В 1923 году Исаак вновь возвращается в Варшаву и в течение 12 лет занимается литературным трудом: работает корректором в еврейском журнале «Литературные листки», который редактировал его брат Исроэл-Ешуэ, много читает, особенно интересуясь философией, физиологией, психологией, естественными и оккультными науками, пробует свои силы в прозе. В 1925 году в «Литературных листках» появляется первый рассказ Башевиса-Зингера «На старости лет». В последующие 5 лет он продолжает писать короткие рассказы для еврейских газет и журналов, переводит на идиш немецкоязычных писателей Кнута Гамсуна, Томаса Манна, Эриха-Марию Ремарка, Стефана Цвейга
В 1933 году Исаак Башевис-Зингер становится заместителем редактора литературного журнала "Глобус", в котором публикуются его рассказы, а затем и повесть «Сатана в Горае», за которую он получил премию еврейского ПЕН-клуба.

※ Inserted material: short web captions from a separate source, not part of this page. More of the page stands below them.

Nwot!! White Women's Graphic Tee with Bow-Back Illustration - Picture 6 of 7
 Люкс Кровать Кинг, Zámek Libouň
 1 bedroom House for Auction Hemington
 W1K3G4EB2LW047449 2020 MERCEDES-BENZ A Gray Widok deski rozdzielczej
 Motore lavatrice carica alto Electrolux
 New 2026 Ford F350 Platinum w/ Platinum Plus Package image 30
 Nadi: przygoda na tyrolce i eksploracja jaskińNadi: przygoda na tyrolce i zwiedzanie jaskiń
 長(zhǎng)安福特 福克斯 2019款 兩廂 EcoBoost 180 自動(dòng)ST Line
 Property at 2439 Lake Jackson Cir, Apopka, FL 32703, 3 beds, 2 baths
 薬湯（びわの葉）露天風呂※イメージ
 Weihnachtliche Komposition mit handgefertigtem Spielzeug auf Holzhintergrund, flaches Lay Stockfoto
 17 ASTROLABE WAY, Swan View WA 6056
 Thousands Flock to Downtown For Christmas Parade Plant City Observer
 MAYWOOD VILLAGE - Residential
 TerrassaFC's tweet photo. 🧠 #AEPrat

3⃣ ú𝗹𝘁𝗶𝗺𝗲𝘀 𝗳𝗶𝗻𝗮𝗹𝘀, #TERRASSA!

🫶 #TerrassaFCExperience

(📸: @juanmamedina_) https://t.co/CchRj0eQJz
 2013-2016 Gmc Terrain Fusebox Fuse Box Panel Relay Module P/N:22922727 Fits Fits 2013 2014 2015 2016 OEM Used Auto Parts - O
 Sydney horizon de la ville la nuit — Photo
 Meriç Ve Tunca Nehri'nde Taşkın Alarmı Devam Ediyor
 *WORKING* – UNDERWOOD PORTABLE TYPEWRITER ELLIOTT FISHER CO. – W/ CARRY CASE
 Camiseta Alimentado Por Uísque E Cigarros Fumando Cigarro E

1930-е годы стали для писателя порой тяжких испытаний. Его жена Руня – коммунистка − уехала в СССР, забрав с собой их сына Исраэля. Тем временем к власти в Германии пришли нацисты. Опасаясь антисемитской политики Гитлера, Башевис-Зингер в 1935 году покидает Варшаву и уезжает к брату в США, где поселяется в Бруклине и работает внештатным сотрудником еврейской газеты «Форвертс».
В 1940 году Башевис-Зингер женится на эмигрантке из Германии Альме Вассерман, двумя годами позже переселяется из Бруклина в Манхэттен и становится штатным сотрудником газеты «Форвертс».
Трагической страницей в жизни Исаака стала внезапная смерть старшего брата Исроэла-Ешуэ, произошедшая в 1944 году. Пережить творческий кризис помогла работа − универсальное средство, которым Исаак пользовался всю жизнь.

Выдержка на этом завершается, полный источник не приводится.